ABOUT THIS TASK:
From the first line of the material to the line containing "Stitch 4x100 Piece", inclusive, write out each line exactly, leaving out the pictures.

RECORDS PROVIDED:
※ ※ ※

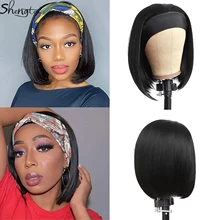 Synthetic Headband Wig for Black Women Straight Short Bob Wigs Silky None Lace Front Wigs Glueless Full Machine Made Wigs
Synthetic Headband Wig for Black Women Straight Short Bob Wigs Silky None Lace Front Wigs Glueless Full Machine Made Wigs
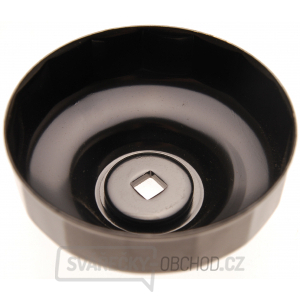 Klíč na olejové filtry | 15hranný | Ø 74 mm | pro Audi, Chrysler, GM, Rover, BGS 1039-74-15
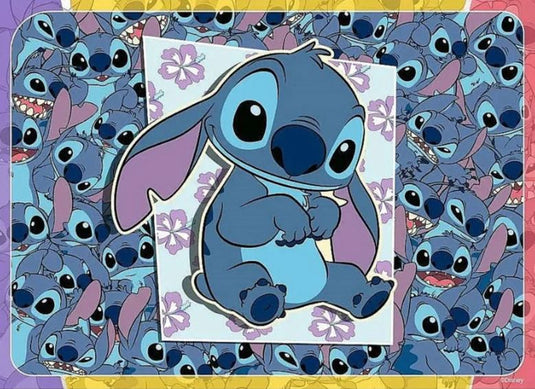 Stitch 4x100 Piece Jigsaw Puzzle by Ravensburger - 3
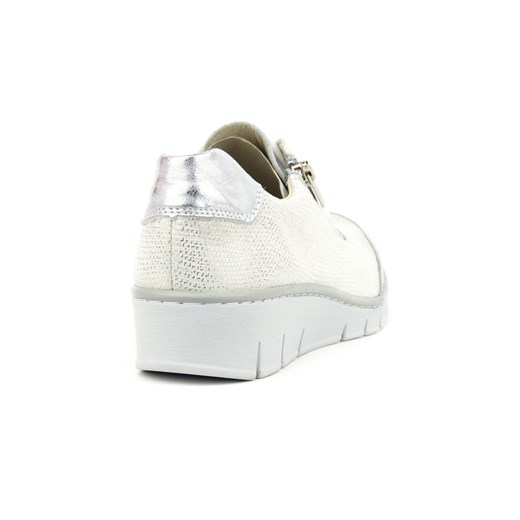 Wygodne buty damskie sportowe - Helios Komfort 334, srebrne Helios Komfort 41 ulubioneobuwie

※ ※ ※

EXERCISE RESULT:
 Synthetic Headband Wig for Black Women Straight Short Bob Wigs Silky None Lace Front Wigs Glueless Full Machine Made Wigs
Synthetic Headband Wig for Black Women Straight Short Bob Wigs Silky None Lace Front Wigs Glueless Full Machine Made Wigs
 Klíč na olejové filtry | 15hranný | Ø 74 mm | pro Audi, Chrysler, GM, Rover, BGS 1039-74-15
 Stitch 4x100 Piece Jigsaw Puzzle by Ravensburger - 3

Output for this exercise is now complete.